In this article I'm going to teach you how you can identify and then block bad robots from your website, that could be possibly using up system resources on your server.

What is a bad robot?

There are many reasons that an automated robot would be trying to crawl through your website, the most common is for the large search engines such as Google or Bing to be able to find all the content on your website, so they can then serve it up to their users via search queries they are doing on those services.

These robots are supposed to follow rules that you place in a robots.txt file, such as how frequently they are allowed to request pages, and from what directories they are allowed to crawl through. They should also be supplying a consistent valid User-Agent string that identifies the requests as a bot request.

A bad robot usually will ignore robots.txt rules, request pages too quickly, re-visit your site too frequently, attempt to harvest email addresses, or in general simply provide no value back to your website. When a good robot crawls your site, this is typically so other people can find your content and then be directed to it from a search engine. When a bad robot is crawling through your site it could be for malicious intensions such as trying to copy your content so that they can use it as their own.

Identify a bad robot

Using the steps below, I'll show you some good steps to take in order to verify if a robot is a good or bad one.

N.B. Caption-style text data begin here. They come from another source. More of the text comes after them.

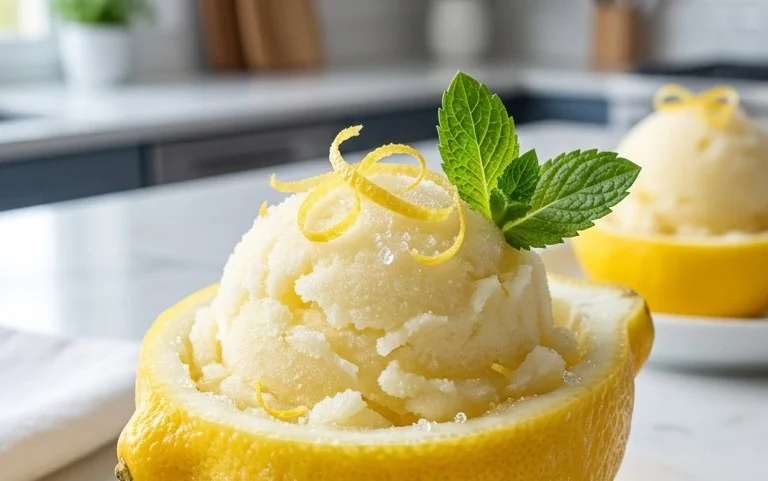 Sorbetto di Limone Dressed Up in a Frozen Lemon Shell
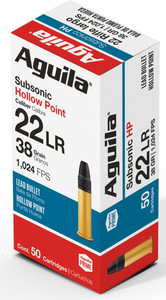 AGUILA SUBSONIC 22LR 38GR. HP 50 ROUND BOX AGUILA SUBSONIC 22LR 38GR. HP 50 ROUND BOX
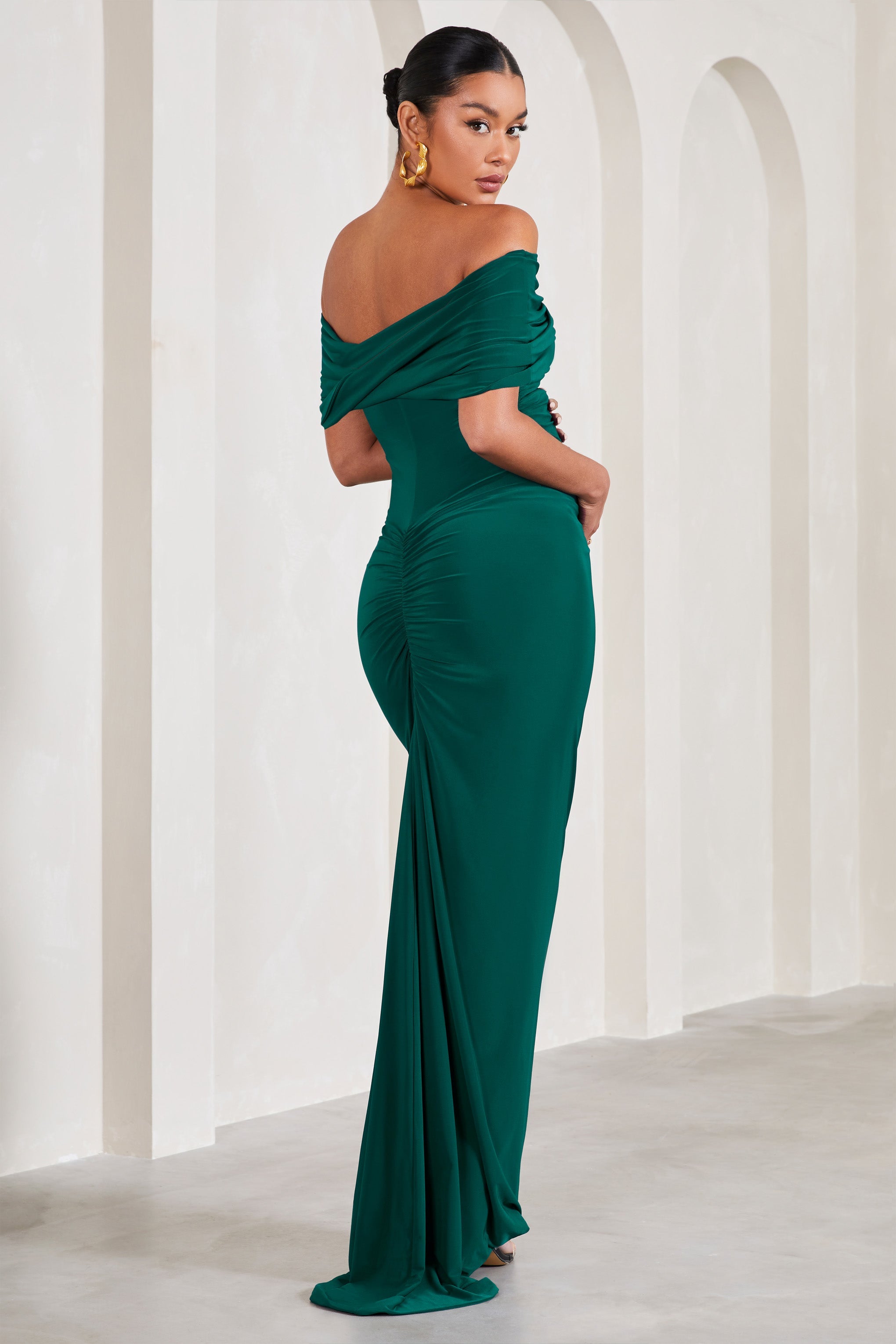 Carmen Bottle Green Bardot Maternity Maxi Dress-Babyboo Dress Store. All Rights Reserved.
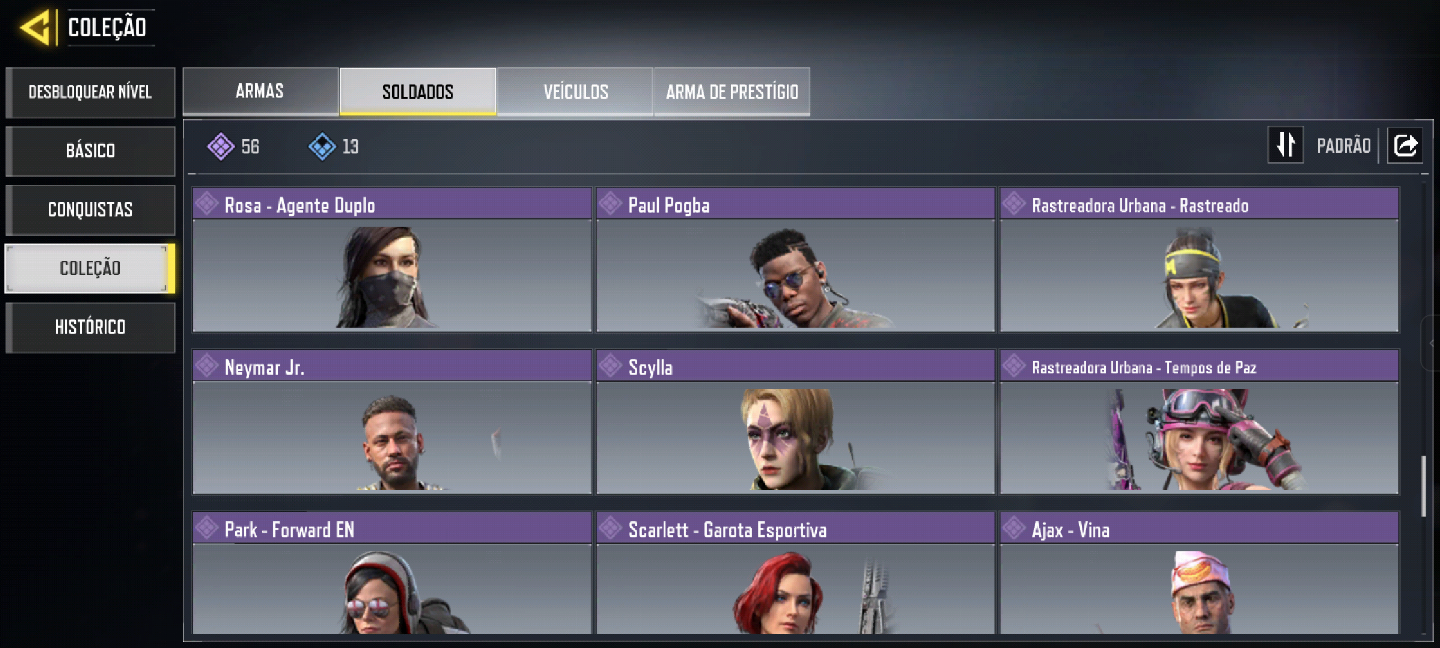 CONTA CODM - FULL ACESSO - NEYMAR JR- ARMA LENDÁRIA- 115 ARMAS ÉPICAS - 60 SKINS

Please note in order to follow these steps you would need to be on either a VPS (Virtual Private Server) or dedicated server that has SSH access. If you're on a shared server you could read our guide on enabling raw access log archiving in cPanel to be able to view the same data, but it would have to be on your own local computer.

  1. Login to your server via SSH.
  2. Navigate to your user's home directory where the Apache access logs are stored, in this case our username is userna5, so we'll use the following command:

    cd ~userna5/access-logs/

  3. We can now use the following command to see all User-Agents that have requests to our example.com website:

    cat example.com | awk -F\" '{print $6}' | sort | uniq -c | sort -n

    This gives us back the output:

    638 Mozilla/5.0 (compatible; Googlebot/2.1; +http://www.google.com/bot.html)
    1015 msnbot-UDiscovery/2.0b (+http://search.msn.com/msnbot.htm)
    1344 Mozilla/5.0 (en-US) AppleWebKit/537.4 (KHTML, like Gecko) Chrome/22.0.1229 Safari/537.4 pss-webkit-request
    21937 -

    So in this case, there have been (21,937) requests that aren't supplying a User-Agent string. This is an immediate red flag, as typically any human visitor requesting a page from your website should have the User-Agent of their web-browser in each request.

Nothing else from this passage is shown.